__Work to complete__. Please give back, word for word, only the lines starting at the one containing "Here is a bit" and ending at the one containing "Properties are sold" within the material below.

__Input for this task__.

BEGIN

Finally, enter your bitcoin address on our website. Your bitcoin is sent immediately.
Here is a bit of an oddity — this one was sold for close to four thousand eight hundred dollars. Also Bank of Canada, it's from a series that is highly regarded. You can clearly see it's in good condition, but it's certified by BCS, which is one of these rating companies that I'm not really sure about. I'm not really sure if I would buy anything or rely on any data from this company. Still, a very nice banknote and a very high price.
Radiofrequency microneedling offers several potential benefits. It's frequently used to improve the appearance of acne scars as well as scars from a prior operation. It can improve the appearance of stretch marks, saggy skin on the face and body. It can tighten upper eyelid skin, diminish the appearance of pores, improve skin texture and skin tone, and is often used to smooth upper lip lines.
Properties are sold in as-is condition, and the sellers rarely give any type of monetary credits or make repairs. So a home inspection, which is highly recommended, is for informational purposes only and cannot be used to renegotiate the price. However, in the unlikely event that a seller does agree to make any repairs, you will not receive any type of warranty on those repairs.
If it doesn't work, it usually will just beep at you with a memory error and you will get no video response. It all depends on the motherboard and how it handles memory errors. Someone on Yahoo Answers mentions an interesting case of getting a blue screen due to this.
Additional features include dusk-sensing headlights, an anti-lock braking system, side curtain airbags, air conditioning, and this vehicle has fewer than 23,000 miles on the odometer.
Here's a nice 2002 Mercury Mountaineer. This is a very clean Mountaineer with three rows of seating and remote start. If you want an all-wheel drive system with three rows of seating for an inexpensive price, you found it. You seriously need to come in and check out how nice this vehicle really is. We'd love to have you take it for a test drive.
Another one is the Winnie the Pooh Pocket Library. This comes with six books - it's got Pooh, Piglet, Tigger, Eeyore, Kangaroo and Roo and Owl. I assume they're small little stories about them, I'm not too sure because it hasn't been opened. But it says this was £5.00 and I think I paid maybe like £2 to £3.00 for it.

END
BEGIN

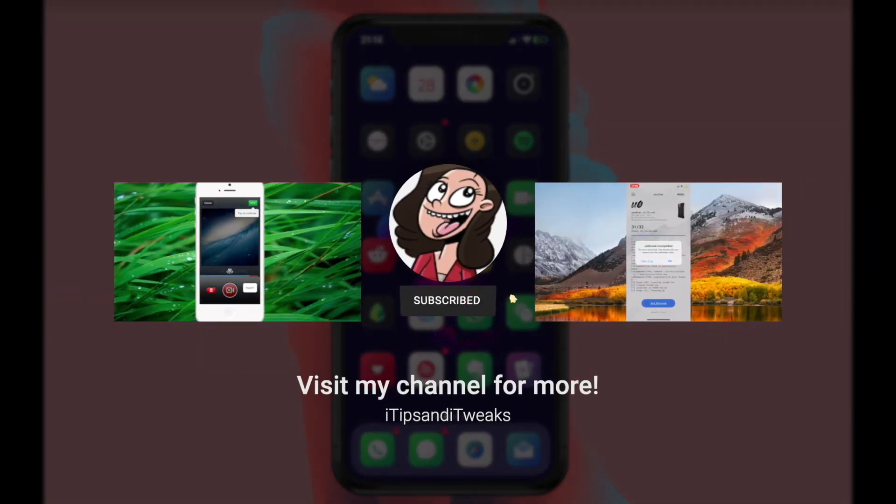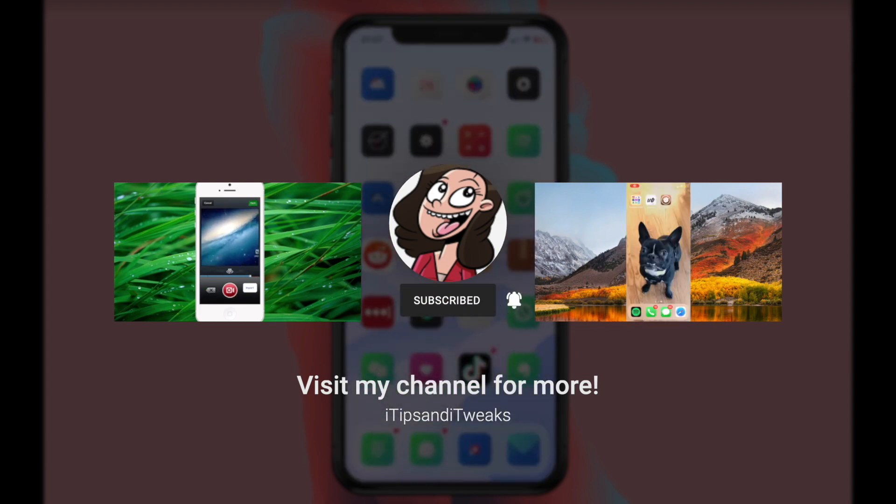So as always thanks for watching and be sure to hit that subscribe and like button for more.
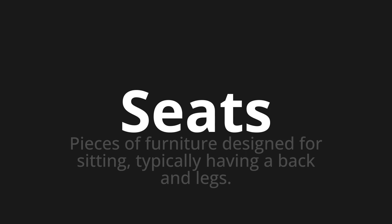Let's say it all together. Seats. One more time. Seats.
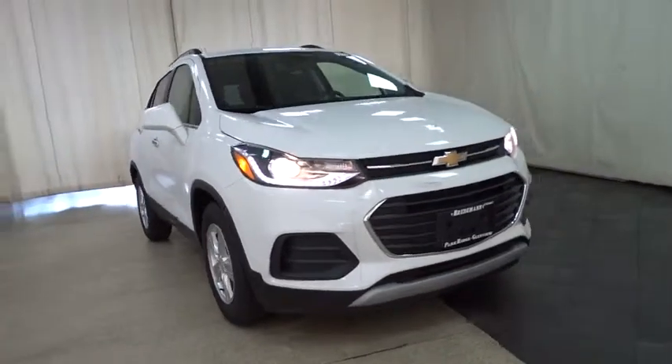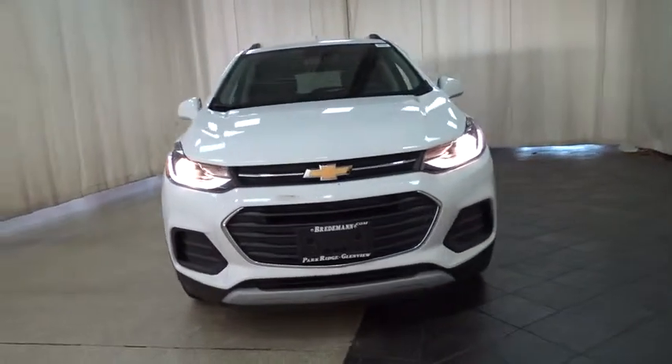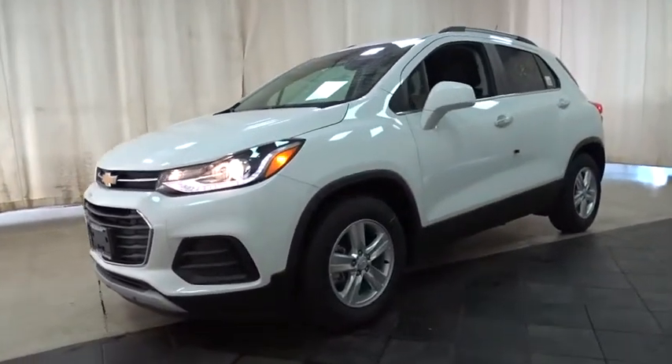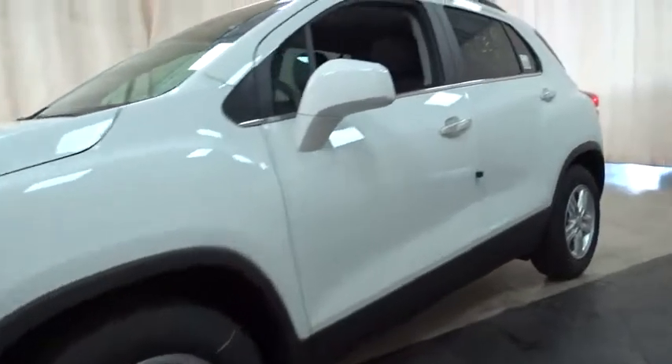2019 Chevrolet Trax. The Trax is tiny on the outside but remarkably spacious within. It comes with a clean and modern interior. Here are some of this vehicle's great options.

END

__Your solution__.
Here is a bit of an oddity — this one was sold for close to four thousand eight hundred dollars. Also Bank of Canada, it's from a series that is highly regarded. You can clearly see it's in good condition, but it's certified by BCS, which is one of these rating companies that I'm not really sure about. I'm not really sure if I would buy anything or rely on any data from this company. Still, a very nice banknote and a very high price.
Radiofrequency microneedling offers several potential benefits. It's frequently used to improve the appearance of acne scars as well as scars from a prior operation. It can improve the appearance of stretch marks, saggy skin on the face and body. It can tighten upper eyelid skin, diminish the appearance of pores, improve skin texture and skin tone, and is often used to smooth upper lip lines.
Properties are sold in as-is condition, and the sellers rarely give any type of monetary credits or make repairs. So a home inspection, which is highly recommended, is for informational purposes only and cannot be used to renegotiate the price. However, in the unlikely event that a seller does agree to make any repairs, you will not receive any type of warranty on those repairs.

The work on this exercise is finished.